Finished, we hurried back to our basket, holding hands and smiling.

“This has been fun.” I laughed. “I can’t believe you figured that out so fast.”

She laughed and kissed my cheek. “Oh, you know that old saying, where there’s a need, there’s somewhere to hide. Or something like that, right?”

We found our abandoned basket and walked back to the small barn to trade out this basket for a bag we could take with us. The leaves and grass crunched under foot. My mind wandered to the necklace.

“Before we go, I want to grab some honey and apple butter.” Jones squeezed my hand. “Don’t let me forget.”

        “Honey and apple butter.” I nodded. “Got it.”

        I paused. “Wait, Jones, I’ve got something for you.

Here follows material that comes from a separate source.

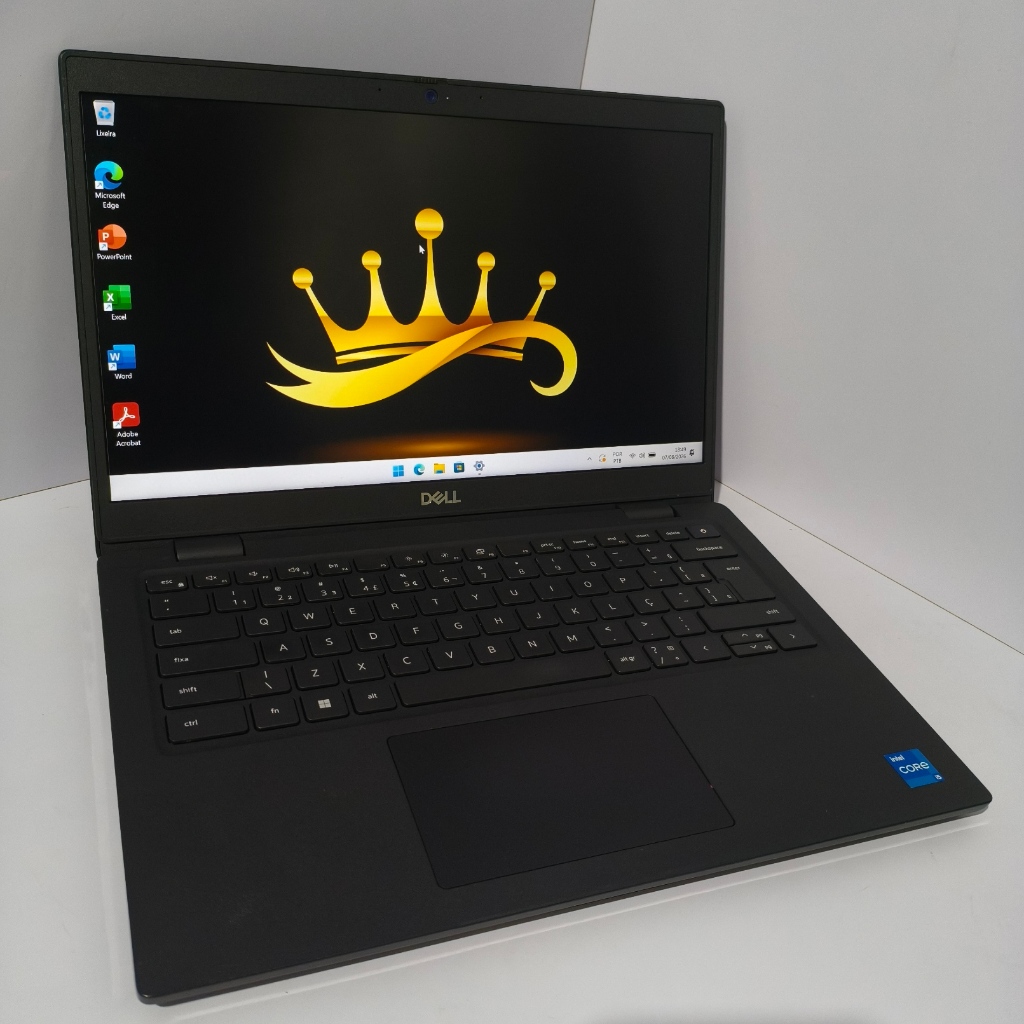 Notebook Dell Latitude 3420, Core i5 11ª, 8 GB RAM, SSD NVMe 256GB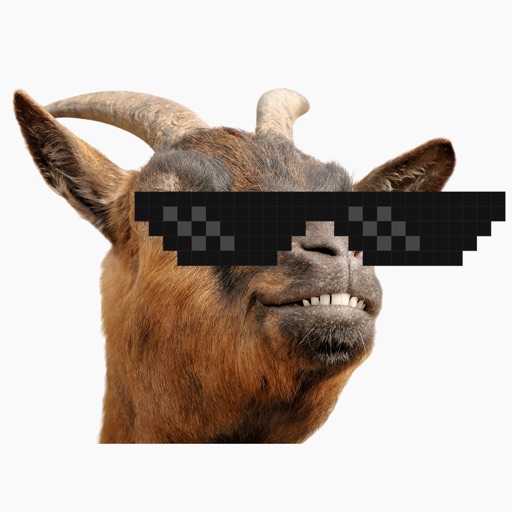 Thug Life Stickers – Pimp Your Chat for iMessage icon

I wanted to give it to you at home, but I’m too excited.”

        She tilted her head; her brow furrowed, and her nostrils flared slightly. “What is it?”

        I set down the apples and dug into my pocket. “I got you this. I know you were looking at it. And I just thought it would be nice. It matches your eyes.”

        I pulled out the small triangular glass that held the pressed green and black butterfly wing; dangling from a thin, black chain, I slid the necklace into her palm. “I know you think it’s silly, but I know it’s important. Happy anniversary.”

        When she looked up, her eyes were wet. “Lindsay. When?”

        I winked. “When I handed you the sapped-up branch by mistake.”

        She scrunched up her nose. “You sneak.”

        Laughing, I shrugged. “Do you want me to put it on you or something?”

        “Oh, yeah, put it on!” She moved her hair and spun around to face away from me.

After I finished hooking the clasp, she turned around, her fingers twisting her zipper again. “I know I said this at our six-month anniversary, and at our one year one, but this is the longest relationship I’ve ever been in.”

        I threaded my fingers through my hair and untangled it. “I know. Same for me, you know.”

        Smiling, she leaned her head against my shoulder; her fingers touched the butterfly wing around her neck. “Thanks for letting me surprise you.”

Holding her hand, I squeezed it as we stepped into the small barn to buy apple butter and honey.